The exotic creature, a native of the Pacific Ocean, was introduced into the Atlantic Ocean in the late 1980s. It's a mystery how or exactly when the first lionfish found its way into the wild, but many scientists suspect the invasive species probably got a foothold somewhere in South Florida and worked its way into the Gulf of Mexico.
In less 30 years, lionfish have worked all the way up the East Coast to the Carolinas and as far south as Brazil. The lionfish has no natural predators in this part of the world, so the venomous species has spread virtually unchecked.
"There is really no way to get rid of them except to go down there and spear them," said Mathews. These fish might look pretty in an aquarium, Mathews said, but in the gulf, lionfish upset the natural balance on the reefs and compete for food with local species such as grouper and snapper.
Divers do not have to kill every lionfish on a reef to make a difference. Removing just 25 percent of these invasive predators from an area can make a difference.
"Lionfish can eat more than 20 small snapper, sea bass or other reef fish in a single day," Mathews said. "On some coral reefs in the Caribbean, the lionfish have eaten so many of the parrot fish, the corals have become covered in algae."
For several years, divers in the Florida Keys have put together "lionfish roundups," which have proved effective in reducing the number of these fish on local reefs.

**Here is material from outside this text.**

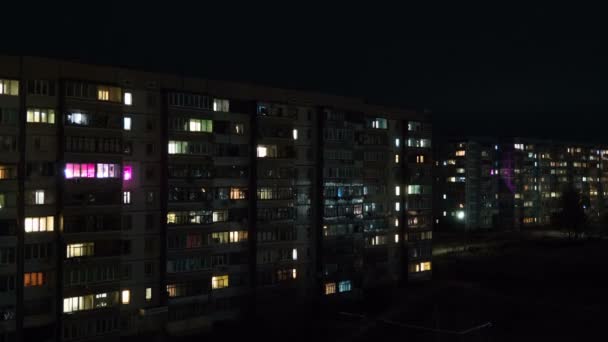 Edificio de varios pisos con iluminación cambiante de ventanas por la noche — Vídeos de Stock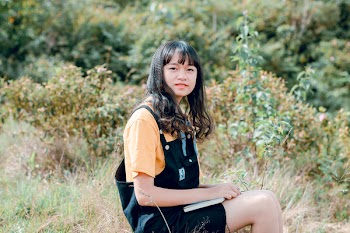 Shallow Focus Photography of Woman in Yellow Shirt and Black Dungaree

One hunt removed more than 500 fish in a day.
Lionfish seldom take bait on a hook, so the only way to really combat this piscatorial plague is to enlist the support of spearfish anglers.
Meanwhile, the Florida Fish and Wildlife Conservation Commission has taken steps to keep the problem from getting worse. New regulations under consideration include a prohibition on the importation of live lionfish and the development of a lionfish aquaculture industry.
The commission also wants to loosen some regulations so lionfish hunts can be held in areas that do not allow spearfishing. This would be done through a special permitting system.
In Tampa Bay, Mathews and his colleagues at Reef Monitoring Inc., a small nonprofit group of marine scientists from St. Petersburg College and the University of South Florida, is organizing a lionfish roundup.
Saturday, Reef Monitoring hosts the first in a series of local lionfish hunts. Prizes include $500 to the team that collects the most lionfish, and $300 for the largest and the smallest lionfish. The weigh-in is at the Clearwater Harbor Marina
Why a prize for the smallest lionfish? Mathews and his fellow researchers plan to measure each fish, look at the stomach contents and remove the otoliths, or ear bones, from each head. Marine biologists use these bones to age the fish, much like foresters count the rings in a tree trunk.
Several local dive shops have special dive packages that include a two-tank dive, rental of a pole spear and a collection bag.